- Task statement:
In the entries below, find the line with "by houses Photograph" and print exactly every line from there up to and including the line with "Astronaut In Space", with no other lines.

- Material provided:
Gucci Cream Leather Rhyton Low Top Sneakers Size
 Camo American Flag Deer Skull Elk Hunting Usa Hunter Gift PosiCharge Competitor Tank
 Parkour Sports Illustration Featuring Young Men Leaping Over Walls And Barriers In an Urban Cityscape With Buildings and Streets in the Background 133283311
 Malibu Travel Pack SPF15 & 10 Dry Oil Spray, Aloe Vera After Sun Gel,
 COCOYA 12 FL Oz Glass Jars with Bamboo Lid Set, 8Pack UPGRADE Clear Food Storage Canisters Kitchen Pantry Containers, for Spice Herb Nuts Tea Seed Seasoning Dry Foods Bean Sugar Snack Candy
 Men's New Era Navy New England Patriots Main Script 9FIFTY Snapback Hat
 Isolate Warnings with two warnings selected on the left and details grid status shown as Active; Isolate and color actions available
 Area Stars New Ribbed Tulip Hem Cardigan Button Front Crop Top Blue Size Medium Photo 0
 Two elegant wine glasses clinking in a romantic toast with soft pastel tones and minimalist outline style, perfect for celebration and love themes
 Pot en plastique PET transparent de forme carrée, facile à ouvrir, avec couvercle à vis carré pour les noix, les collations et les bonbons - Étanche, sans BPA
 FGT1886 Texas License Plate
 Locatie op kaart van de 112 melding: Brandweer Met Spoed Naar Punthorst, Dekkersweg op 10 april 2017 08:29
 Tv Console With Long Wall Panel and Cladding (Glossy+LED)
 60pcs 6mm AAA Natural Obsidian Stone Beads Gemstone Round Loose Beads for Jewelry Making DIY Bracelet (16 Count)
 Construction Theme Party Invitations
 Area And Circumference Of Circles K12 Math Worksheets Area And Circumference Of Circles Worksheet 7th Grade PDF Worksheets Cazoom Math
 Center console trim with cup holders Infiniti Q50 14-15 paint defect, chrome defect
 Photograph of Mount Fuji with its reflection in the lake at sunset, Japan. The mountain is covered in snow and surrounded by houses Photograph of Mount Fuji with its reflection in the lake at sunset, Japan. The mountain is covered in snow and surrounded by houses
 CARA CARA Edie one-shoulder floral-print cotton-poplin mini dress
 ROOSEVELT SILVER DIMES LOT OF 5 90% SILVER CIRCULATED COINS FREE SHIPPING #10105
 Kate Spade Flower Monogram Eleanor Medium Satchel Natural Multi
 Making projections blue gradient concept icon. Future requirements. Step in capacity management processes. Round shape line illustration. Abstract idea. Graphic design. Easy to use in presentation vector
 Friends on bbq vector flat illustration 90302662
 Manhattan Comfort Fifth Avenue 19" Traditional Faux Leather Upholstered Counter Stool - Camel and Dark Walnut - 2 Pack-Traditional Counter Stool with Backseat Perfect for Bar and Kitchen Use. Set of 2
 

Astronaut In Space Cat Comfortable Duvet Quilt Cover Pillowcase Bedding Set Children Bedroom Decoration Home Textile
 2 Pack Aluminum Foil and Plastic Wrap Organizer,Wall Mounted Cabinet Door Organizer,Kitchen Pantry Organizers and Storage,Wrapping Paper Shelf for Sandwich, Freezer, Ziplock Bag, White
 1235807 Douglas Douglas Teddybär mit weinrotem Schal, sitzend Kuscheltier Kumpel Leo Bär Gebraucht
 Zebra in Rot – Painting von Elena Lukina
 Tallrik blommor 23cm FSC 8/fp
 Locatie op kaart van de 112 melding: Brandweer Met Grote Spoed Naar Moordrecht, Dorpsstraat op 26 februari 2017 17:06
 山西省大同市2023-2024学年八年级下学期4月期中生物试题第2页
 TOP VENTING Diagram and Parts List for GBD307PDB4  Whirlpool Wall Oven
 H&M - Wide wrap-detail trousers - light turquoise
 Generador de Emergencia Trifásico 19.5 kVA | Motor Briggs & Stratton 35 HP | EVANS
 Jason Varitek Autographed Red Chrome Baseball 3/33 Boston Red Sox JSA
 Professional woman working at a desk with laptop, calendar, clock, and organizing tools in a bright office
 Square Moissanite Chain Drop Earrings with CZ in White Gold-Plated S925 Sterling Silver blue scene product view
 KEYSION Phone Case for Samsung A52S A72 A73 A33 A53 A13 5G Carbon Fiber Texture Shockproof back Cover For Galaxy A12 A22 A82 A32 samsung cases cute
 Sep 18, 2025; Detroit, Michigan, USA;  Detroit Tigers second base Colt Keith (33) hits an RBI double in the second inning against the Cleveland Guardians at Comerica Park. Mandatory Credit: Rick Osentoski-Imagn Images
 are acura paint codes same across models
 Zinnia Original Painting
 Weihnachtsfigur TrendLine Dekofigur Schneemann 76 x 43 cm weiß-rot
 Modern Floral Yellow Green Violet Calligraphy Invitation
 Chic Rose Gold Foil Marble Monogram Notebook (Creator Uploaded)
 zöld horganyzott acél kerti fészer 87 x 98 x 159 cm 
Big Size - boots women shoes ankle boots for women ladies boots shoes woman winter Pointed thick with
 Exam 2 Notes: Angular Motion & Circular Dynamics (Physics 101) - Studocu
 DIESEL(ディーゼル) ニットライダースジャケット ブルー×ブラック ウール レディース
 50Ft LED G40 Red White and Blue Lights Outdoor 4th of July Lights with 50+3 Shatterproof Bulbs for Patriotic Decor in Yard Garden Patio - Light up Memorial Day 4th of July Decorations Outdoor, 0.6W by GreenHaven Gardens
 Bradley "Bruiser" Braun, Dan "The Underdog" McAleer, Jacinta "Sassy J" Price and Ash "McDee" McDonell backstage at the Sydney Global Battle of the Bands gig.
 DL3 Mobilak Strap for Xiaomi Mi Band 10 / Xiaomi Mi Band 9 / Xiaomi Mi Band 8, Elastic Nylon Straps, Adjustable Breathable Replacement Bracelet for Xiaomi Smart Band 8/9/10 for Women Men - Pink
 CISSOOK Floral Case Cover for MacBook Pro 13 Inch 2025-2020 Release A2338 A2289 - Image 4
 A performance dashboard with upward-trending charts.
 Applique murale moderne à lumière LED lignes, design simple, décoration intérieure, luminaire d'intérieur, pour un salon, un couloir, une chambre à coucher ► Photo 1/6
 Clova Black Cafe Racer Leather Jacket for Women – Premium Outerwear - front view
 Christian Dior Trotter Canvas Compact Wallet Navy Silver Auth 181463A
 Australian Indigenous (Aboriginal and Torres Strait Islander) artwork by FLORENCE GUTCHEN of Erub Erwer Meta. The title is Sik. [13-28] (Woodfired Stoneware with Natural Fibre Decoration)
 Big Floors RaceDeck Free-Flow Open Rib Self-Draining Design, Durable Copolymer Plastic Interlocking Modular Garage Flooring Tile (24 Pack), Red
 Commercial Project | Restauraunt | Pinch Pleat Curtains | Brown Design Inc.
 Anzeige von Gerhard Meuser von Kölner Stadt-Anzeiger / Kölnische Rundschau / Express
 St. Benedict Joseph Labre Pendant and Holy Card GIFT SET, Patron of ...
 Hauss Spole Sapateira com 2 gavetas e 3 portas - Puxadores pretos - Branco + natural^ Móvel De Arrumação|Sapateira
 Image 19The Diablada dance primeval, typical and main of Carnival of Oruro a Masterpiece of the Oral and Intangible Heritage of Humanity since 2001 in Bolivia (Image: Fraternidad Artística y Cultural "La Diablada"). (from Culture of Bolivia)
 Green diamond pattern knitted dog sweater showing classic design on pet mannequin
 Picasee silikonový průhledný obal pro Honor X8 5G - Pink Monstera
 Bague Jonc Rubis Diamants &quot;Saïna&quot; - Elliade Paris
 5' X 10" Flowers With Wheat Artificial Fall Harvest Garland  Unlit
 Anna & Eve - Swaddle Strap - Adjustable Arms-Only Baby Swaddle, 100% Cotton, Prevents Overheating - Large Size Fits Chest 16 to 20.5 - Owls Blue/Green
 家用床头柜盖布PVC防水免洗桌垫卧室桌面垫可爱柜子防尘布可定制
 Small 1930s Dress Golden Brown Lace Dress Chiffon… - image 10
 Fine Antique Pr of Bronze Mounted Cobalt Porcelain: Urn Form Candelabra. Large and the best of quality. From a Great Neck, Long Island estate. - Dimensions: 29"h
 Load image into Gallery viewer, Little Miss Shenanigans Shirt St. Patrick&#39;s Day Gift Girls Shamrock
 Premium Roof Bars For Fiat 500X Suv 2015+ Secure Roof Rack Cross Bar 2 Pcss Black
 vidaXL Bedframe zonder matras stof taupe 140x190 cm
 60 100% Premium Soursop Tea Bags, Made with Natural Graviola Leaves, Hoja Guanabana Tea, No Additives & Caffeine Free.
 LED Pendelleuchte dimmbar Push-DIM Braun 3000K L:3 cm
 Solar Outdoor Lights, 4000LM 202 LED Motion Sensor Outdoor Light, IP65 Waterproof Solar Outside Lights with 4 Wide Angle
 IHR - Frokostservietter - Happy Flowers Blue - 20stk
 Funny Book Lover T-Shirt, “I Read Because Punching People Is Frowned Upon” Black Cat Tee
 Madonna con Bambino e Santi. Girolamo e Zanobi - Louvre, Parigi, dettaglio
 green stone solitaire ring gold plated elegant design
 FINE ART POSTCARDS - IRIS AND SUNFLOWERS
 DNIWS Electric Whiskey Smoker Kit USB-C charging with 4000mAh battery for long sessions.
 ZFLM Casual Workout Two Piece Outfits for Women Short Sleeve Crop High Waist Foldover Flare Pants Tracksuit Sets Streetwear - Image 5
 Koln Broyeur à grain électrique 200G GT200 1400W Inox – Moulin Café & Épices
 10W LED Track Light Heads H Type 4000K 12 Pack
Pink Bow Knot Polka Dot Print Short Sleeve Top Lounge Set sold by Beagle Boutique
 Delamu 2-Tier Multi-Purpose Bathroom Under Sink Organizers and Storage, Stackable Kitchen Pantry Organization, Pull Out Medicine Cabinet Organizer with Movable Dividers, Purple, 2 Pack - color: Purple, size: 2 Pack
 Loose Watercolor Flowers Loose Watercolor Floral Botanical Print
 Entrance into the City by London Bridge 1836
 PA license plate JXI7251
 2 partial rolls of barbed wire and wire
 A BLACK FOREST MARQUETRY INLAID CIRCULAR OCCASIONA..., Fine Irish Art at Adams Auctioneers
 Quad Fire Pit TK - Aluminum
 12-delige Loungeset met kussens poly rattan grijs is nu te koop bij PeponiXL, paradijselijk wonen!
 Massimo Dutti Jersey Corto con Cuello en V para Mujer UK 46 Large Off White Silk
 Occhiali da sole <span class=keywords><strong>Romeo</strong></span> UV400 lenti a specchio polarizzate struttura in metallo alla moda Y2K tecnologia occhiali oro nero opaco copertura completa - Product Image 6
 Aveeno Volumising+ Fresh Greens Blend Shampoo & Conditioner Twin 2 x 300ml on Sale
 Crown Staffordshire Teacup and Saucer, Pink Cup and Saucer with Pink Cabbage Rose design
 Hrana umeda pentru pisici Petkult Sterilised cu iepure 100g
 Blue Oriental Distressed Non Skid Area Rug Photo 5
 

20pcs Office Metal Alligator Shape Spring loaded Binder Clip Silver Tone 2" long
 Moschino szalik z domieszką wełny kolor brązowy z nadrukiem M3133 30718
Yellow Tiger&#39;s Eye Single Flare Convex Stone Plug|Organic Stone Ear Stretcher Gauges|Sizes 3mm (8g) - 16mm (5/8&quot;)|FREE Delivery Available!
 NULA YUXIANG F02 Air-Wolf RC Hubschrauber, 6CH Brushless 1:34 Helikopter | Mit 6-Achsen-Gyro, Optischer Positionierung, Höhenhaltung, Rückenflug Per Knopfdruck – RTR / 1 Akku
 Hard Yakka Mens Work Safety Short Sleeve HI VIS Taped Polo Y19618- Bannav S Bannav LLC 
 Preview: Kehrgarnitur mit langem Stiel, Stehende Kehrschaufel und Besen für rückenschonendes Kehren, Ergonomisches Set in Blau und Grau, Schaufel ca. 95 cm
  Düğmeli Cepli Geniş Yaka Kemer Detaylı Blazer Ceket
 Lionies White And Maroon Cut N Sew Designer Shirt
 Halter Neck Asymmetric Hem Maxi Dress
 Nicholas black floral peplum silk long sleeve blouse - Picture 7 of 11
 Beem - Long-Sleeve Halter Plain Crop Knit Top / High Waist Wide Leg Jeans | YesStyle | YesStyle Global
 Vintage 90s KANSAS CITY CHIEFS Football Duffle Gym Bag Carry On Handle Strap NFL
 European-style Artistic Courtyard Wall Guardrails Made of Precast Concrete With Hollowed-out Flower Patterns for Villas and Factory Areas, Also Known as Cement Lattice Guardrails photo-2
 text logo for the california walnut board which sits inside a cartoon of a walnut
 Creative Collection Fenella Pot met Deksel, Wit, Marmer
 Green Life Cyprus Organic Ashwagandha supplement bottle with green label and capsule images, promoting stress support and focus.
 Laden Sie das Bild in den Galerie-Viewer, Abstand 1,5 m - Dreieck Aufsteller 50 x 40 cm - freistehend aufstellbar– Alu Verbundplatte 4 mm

- Solution to this exercise:
 Photograph of Mount Fuji with its reflection in the lake at sunset, Japan. The mountain is covered in snow and surrounded by houses Photograph of Mount Fuji with its reflection in the lake at sunset, Japan. The mountain is covered in snow and surrounded by houses
 CARA CARA Edie one-shoulder floral-print cotton-poplin mini dress
 ROOSEVELT SILVER DIMES LOT OF 5 90% SILVER CIRCULATED COINS FREE SHIPPING #10105
 Kate Spade Flower Monogram Eleanor Medium Satchel Natural Multi
 Making projections blue gradient concept icon. Future requirements. Step in capacity management processes. Round shape line illustration. Abstract idea. Graphic design. Easy to use in presentation vector
 Friends on bbq vector flat illustration 90302662
 Manhattan Comfort Fifth Avenue 19" Traditional Faux Leather Upholstered Counter Stool - Camel and Dark Walnut - 2 Pack-Traditional Counter Stool with Backseat Perfect for Bar and Kitchen Use. Set of 2
 

Astronaut In Space Cat Comfortable Duvet Quilt Cover Pillowcase Bedding Set Children Bedroom Decoration Home Textile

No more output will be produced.